Mengunjungi Pengungsi Palestina dan Suriah (Bagian 3)

Usaha Terakhir

Pada tanggal 24 September, setelah sholat Idul Adha dan sarapan, kami berangkat lagi ke Al – Za’tari Syrian Refugee Camp. Situasi masih seperti kemarin, kami menunggu tidak jauh dari kamp dan berharap ada perwakilan UNHCR maupun NGO lainnya yang lewat memasuki kamp.  Bukan perwakilan UNHCR yang datang tapi…. Taher si anak yang menemui kami kemarin muncul  lagi dengan wajah riang gembira sambil mengucapkan Eid Mubarak! Ada rasa senang di hati kami karena dapat bertemu lagi dengan bocah remaja ini. Taher mengusulkan untuk menemani kami dan akan menunjukkan jalan agar dapat masuk kamp dan dapat bertemu dengan penduduk kamp. Dengan membaca Basmalah, Taher dan satu anak lainnya bernama Abdullah masuk mobil. Di luar mobil banyak anak–anak pengungsi yang ingin ikut juga tapi tidak mungkinlah bagi kami membawa 8 anak sekaligus masuk.

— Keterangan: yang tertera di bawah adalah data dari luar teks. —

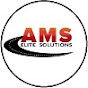 AMS Elite Solutions, Inc logo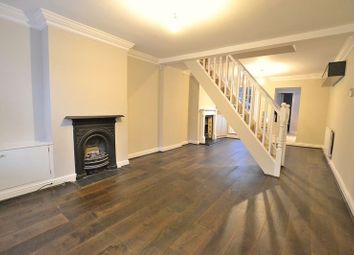 Thumbnail Terraced house to rent in Mooreland Road, Bromley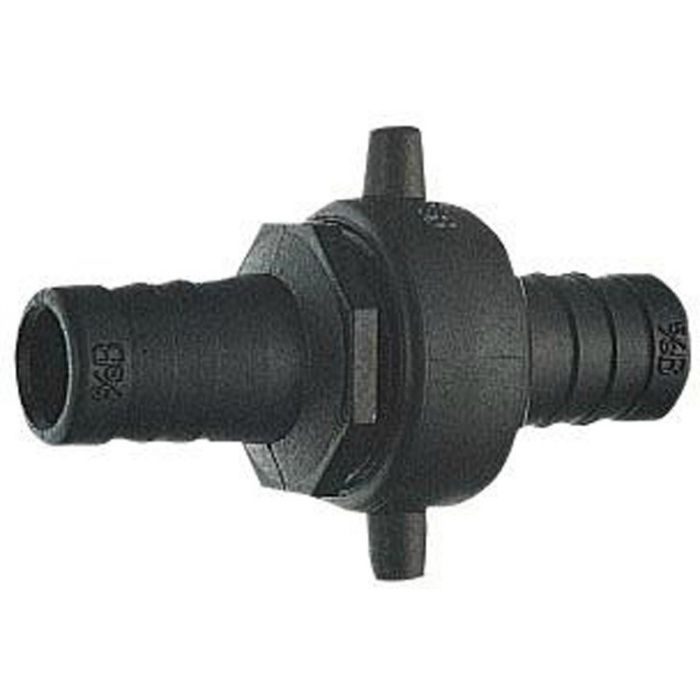 PL200-50 PCカップリング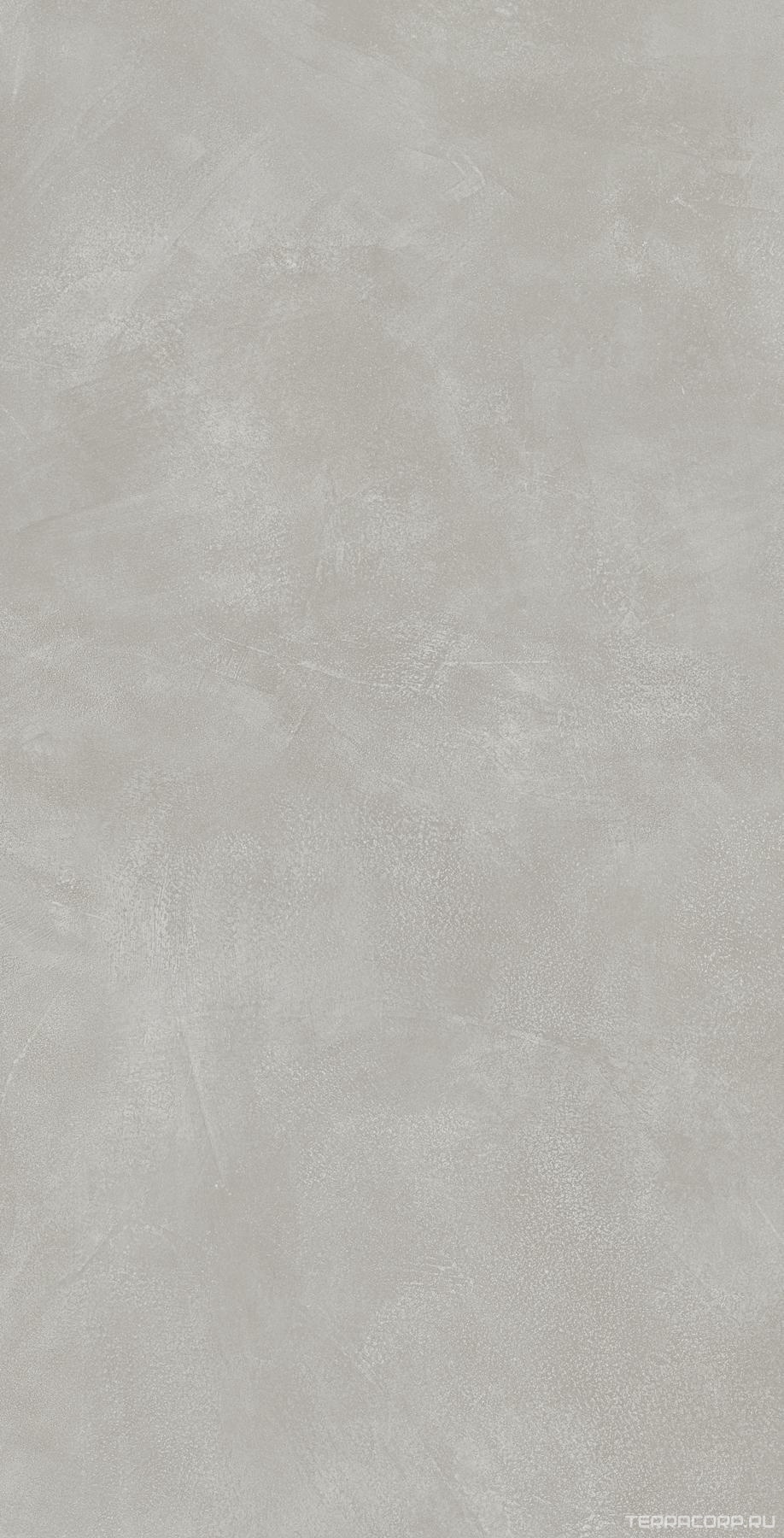 Керамогранит AtlasConcorde Россия RINASCENTE RESIN Rinascente Resin Pearl 80x160/Ринашенте Резин Перл 80Х160 Серый, фото 3
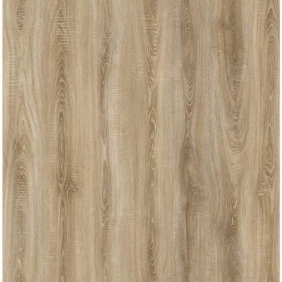 Unilin Loc Floor Plus Дуб русский LCR 081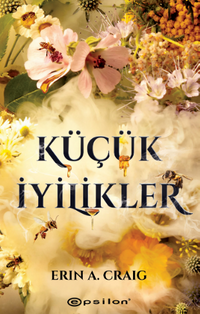 Küçük İyilikler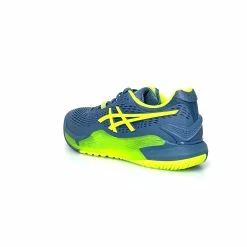 Asics Men's Gel Resolution 9 1041A330-400 41 Asics Men's Gel Resolution 9 1041A330-400 -Deals Men Shoes Store 04 898b5667 81f0 4d8b 9528 9b15045b227f 1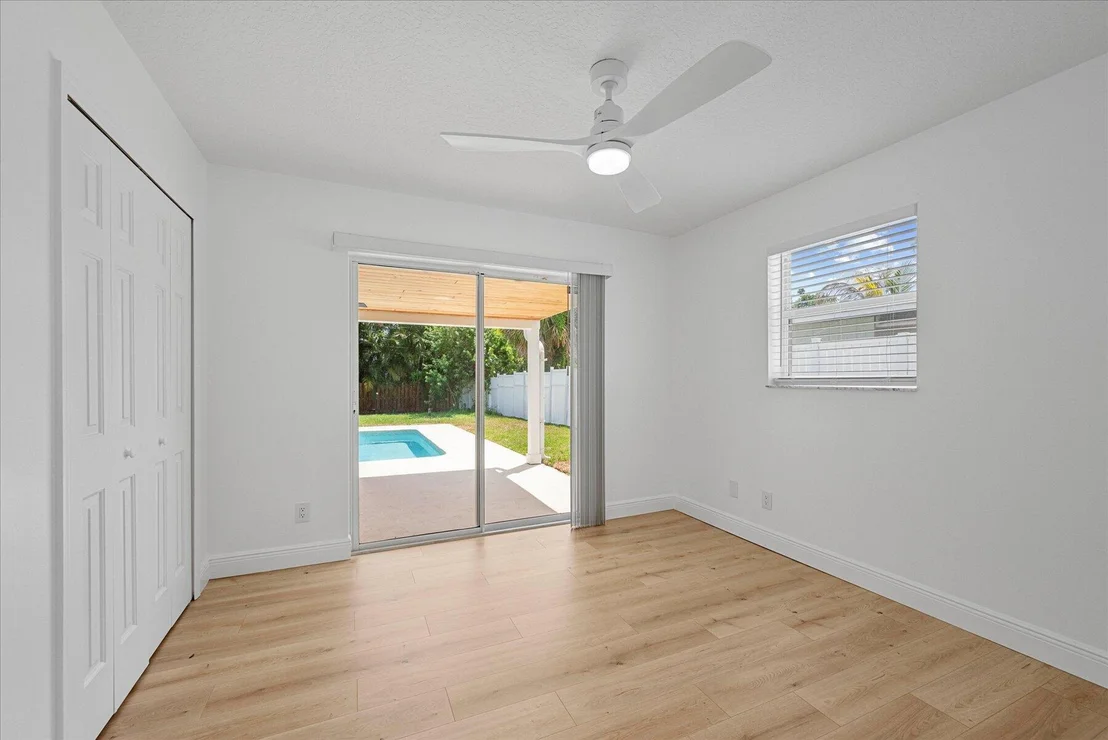 Photo of 643 Australian Circle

Sayang sekali ternyata jalan yang dimaksud tidak dapat dilewati mobil untuk memasuki kamp. Sementara itu kami melihat beberapa mobil lain di situ yang mungkin memiliki rencana yang sama. Akhirnya kami berbincang–bincang dengan Taher dan Abdullah di dalam mobil sampai–sampai Taher tidak sungkan berpuisi untuk kami sambil minta direkam dan juga membaca surat Thaha dengan suaranya yang merdu.

 

 

Remaja ini bercerita bahwa ayahnya masih berperang di Suriah sementara ayah Abdullah sudah tiada, Innaa Lillaahi wa Innaa Ilaihi Rooji’uun, semoga menjadi syuhada dan syurga menunggunya, aamiin. Mereka tinggal di kamp hanya dengan saudara dan ibu mereka, sungguh miris nasib mereka. Ini baru dua orang anak yang kami temui, bagaimana dengan nasib ratusan ribu anak Suriah lainnya yang pastinya tidak berbeda jauh kondisinya dengan Taher dan Abdullah. May Allah protect and raise all Moslems in the world.

Kamp pengungsi
Kamp pengungsi

Hari ke dua percobaan kami untuk masuk kamp tetap tidak berhasil. Akhirnya kami teringat mempunyai seorang teman yang bekerja di KBRI Amman, Jordan yang bernama Muhammad Jalil. Responnya sangat baik dengan rencana kami ini. Beliau menyarankan untuk bertemu setelah kami tiba kembali ke Amman hari itu juga dan beliau akan membantu menyalurkan barang–barang tersebut. Alhamdulillah.

Setelah tiba di Amman, pak Jalil menyarankan kami untuk menemui salah satu NGO yang bernama ICCS (Islamic Center Charity Society) di daerah Suweileh yang sudah 20 tahun menangani refugee. Dengan agak terburu–buru kami menuju ke sana, karena ba’da Maghrib para pekerja yang kebanyakan volunteer ini mungkin sudah pulang. Setibanya di kantor ICCS, kami diterima dengan sangat baik dan hangat. Dengan mengucapkan syukur yang teramat, Alhamdulillah barang–barang dapat disalurkan melalui ICCS. Ternyata ICCS ini menyalurkan bantuan secara rutin. Mereka mengurusi tidak hanya menyalurkan bantuan kebutuhan hidup sehari–hari tetapi juga pendidikan anak-anak pengungsi tersebut. Masha Allah!

Penyerahan bantuan
Penyerahan bantuan (pak Jalil paling kanan)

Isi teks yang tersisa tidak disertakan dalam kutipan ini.